The probability in (29) is for any two distinct pairs $(f,f^{\prime})\in[F]\times[F]$ . We take a union bound over all $\binom{L}{2}$ distinct pairs and upper bound the probability as:

	$\displaystyle\mathbb{P}(\exists(f,f^{\prime})\in[F]\times[F],f\neq f^{\prime}:(r-1)\sum_{i=1}^{r-1}\widetilde{s}_{i}\geq\frac{(r-1)9}{10})$
	$\displaystyle\leq\frac{F^{2}}{2}\exp\left[-\frac{1}{2}\left(1-\frac{1}{10}\right)^{2}(r-1)\right]$
	$\displaystyle=\exp\left[2\log(F)-\log(2)-\frac{1}{2}\left(1-\frac{1}{10}\right)^{2}(r-1)\right].$		(30)

∎

Proof:

Fix the following arbitrary real orthogonal bases: $\mathbf{Q}\text{ of }\mathbb{R}^{r}$ , the set of distinct $r$ bases, $\bigl{\{}\mathbf{U}_{1,j}\bigr{\}}_{j=1}^{r}\text{ of }\mathbb{R}^{m_{1}}$ , and the set of distinct $r$ bases, $\bigl{\{}\mathbf{U}_{2,j}\bigr{\}}_{j=1}^{r}\text{ of }\mathbb{R}^{m_{2}}$ .

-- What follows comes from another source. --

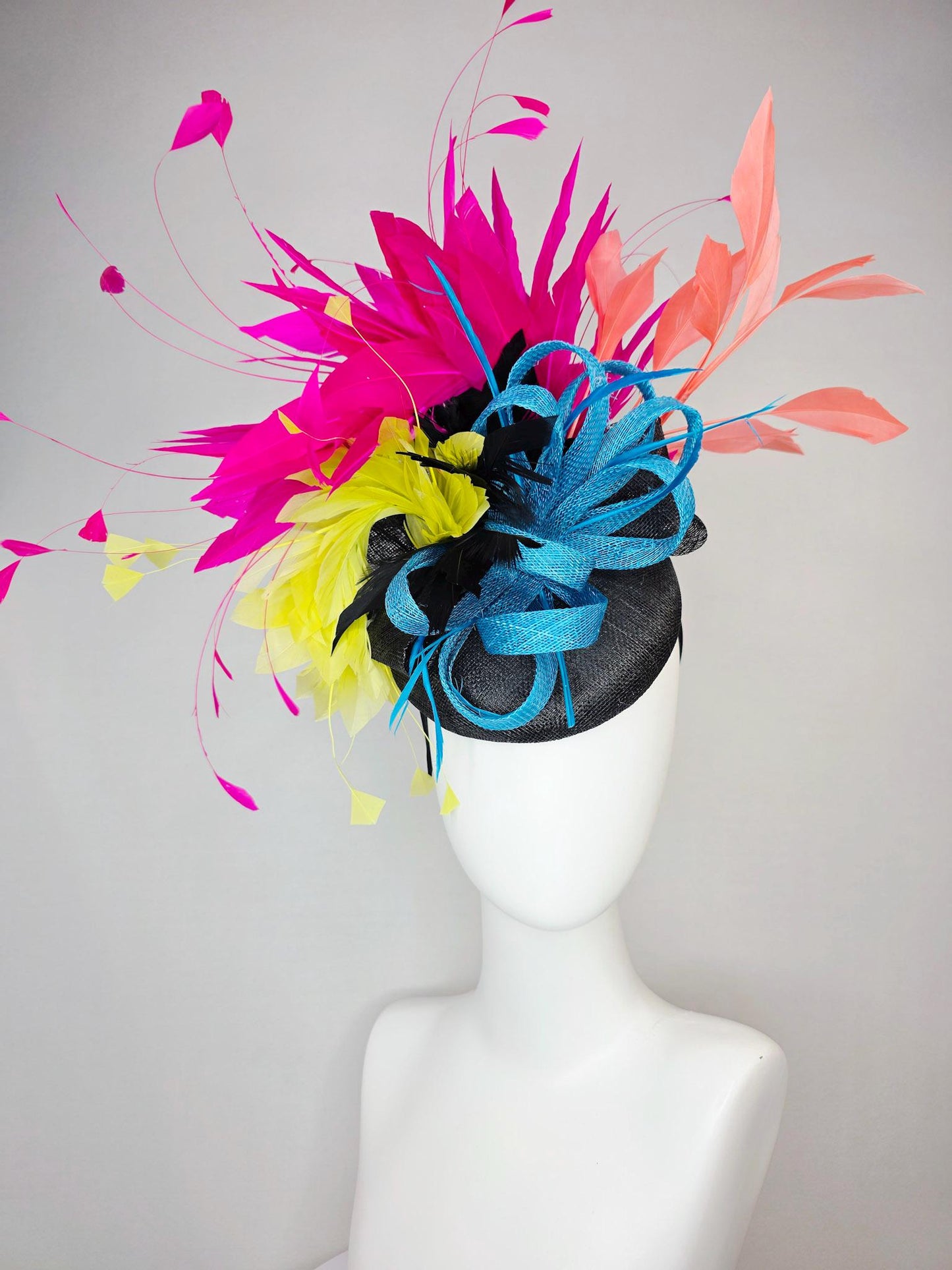 kentucky derby hat fascinator colorful black sinamay with turquoise blue sinamay bow and black yellow peach orange and hot pink feathers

Next, consider the following hypercubes or subsets thereof: 1) The set of $F$ vectors $\{\mathbf{s}_{f}\}$ from Lemma 1:

\displaystyle\mathbf{s}_{f}\in\biggl{\{}\frac{-1}{\sqrt{r-1}},\frac{+1}{\sqrt{r-1}}\biggr{\}}\subset\mathbb{R}^{r-1},

(31)

2) Two sets of $P_{1}$ and $P_{2}$ matrices, from Corollary 1:

\displaystyle\mathbf{S}_{p_{1}}\in\biggl{\{}\frac{-1}{\sqrt{(m_{1}-1)r}},\frac{+1}{\sqrt{(m_{1}-1)r}}\biggr{\}}\subset\mathbb{R}^{(m_{1}-1)\times r},

(32)

and

\displaystyle\mathbf{S}_{p_{2}}\in\biggl{\{}\frac{-1}{\sqrt{(m_{2}-1)r}},\frac{+1}{\sqrt{(m_{2}-1)r}}\biggr{\}}\subset\mathbb{R}^{(m_{2}-1)\times r},

(33)

respectively.

From Lemma 1 we have the following bounds on the probability that the minimum distance condition is violated for the set (31):

	$\displaystyle\mathbb{P}\biggl{(}\exists(f,f^{\prime})\in[F]\times[F],f\neq f^{\prime}:\left\\|\mathbf{s}_{f}-\mathbf{s}_{f^{\prime}}\right\\|_{0}<\frac{r-1}{20}\biggr{)}$
	$\displaystyle\leq\exp\left[\log(\frac{{F}^{2}}{2})-\frac{(r-1)}{2}\left(1-\frac{2}{20}\right)^{2}\right].$		(34)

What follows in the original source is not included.